A COMMUNNITY targeted by a number of developers in recent years, has applied for Neighbourhood Area designation, which will ultimately allows its residents to state where and how they would like their town to develop.

A steering group led by Stokesley Parish Council has applied to Hambleton District Council have the town designated a Neighbourhood Area.

If approved, the status will allow it to go ahead and draw up a Neighbourhood Plan, which will formally state developments residents would like to see in Stokesley over the next five to ten years in leisure, transport, parking, retail, housing, employment and health and social care.

The idea came after a group of residents in the town formed Save Our Stokesley, to fight plans for a proposed supermarket on the town’s bypass, which many feared would kill off trade for the High Street’s many independent shops and businesses.

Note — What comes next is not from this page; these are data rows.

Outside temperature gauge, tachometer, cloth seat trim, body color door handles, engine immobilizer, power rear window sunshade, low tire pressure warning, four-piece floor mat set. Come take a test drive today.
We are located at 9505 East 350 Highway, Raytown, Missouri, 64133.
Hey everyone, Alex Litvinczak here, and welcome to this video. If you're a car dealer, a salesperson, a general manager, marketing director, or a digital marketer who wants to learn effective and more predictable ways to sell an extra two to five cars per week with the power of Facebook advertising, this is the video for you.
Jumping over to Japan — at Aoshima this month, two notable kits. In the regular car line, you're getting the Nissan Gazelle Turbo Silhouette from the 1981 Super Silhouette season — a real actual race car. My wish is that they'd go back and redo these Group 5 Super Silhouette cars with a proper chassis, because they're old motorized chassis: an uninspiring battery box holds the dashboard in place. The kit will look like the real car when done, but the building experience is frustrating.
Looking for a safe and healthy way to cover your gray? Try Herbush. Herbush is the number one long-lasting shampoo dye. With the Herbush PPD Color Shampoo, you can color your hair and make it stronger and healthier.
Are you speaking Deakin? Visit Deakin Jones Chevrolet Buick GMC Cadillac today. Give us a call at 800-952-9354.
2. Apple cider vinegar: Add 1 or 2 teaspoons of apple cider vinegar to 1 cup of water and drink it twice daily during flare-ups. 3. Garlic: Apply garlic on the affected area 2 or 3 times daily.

The developers eventually pulled the plug on the proposals, but several members of Save Our Stokesley felt rather than continually reacting to developers, they should seize the initiative and articulate what the town did want.

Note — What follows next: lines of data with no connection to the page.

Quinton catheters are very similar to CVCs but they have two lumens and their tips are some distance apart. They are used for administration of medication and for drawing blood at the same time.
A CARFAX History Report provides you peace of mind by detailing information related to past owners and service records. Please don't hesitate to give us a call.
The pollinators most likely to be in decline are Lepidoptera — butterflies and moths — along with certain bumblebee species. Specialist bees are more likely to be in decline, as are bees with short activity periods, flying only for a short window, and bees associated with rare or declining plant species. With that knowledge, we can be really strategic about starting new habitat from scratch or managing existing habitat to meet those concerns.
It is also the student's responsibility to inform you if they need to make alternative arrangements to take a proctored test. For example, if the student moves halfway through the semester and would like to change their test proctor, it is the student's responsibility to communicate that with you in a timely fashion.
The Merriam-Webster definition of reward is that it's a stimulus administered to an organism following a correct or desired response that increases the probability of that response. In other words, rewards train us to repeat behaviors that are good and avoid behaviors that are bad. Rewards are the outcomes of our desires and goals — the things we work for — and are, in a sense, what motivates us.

One member, Ian Blakemore, who has since joined Stokesley Parish Council, said: “We thought it would be better to harness what people do want rather than get them to stand against what they don’t.

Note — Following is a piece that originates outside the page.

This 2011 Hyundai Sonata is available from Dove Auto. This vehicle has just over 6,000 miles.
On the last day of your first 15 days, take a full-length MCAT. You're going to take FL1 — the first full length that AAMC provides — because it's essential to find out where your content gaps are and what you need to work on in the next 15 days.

“But it’s much more difficult for people to say what they do want. Around that time we saw there was the neighbourhood plan and thought we should give that a go.”

They held a meeting earlier this summer where residents could write down their ideas for what they thought should be the priorities in the town’s future development over the next few years.

Ideas were written on coloured sticky notes and stuck on a wall.

“That meeting really was the beginning of a process of gathering people’s views,” said Cllr Blakemore.

“It involved saying ‘What would you like to see more of? Do you want better parking? More shops? More houses?”

In the end 1,500 coloured sticky notes containing suggestions were amassed. One of the most popular suggestions was securing the future of the library and better parking in the town, but there were also new suggestions such as installing a climbing wall at the leisure centre.

The Neighbourhood Plan steering group is now analysing the data.

Once its Neighbourhood Area status is approved by Hambleton council, the steering group will send a questionnaire out to the whole town based on the feedback and use it to draw up a Neighbourhood Plan.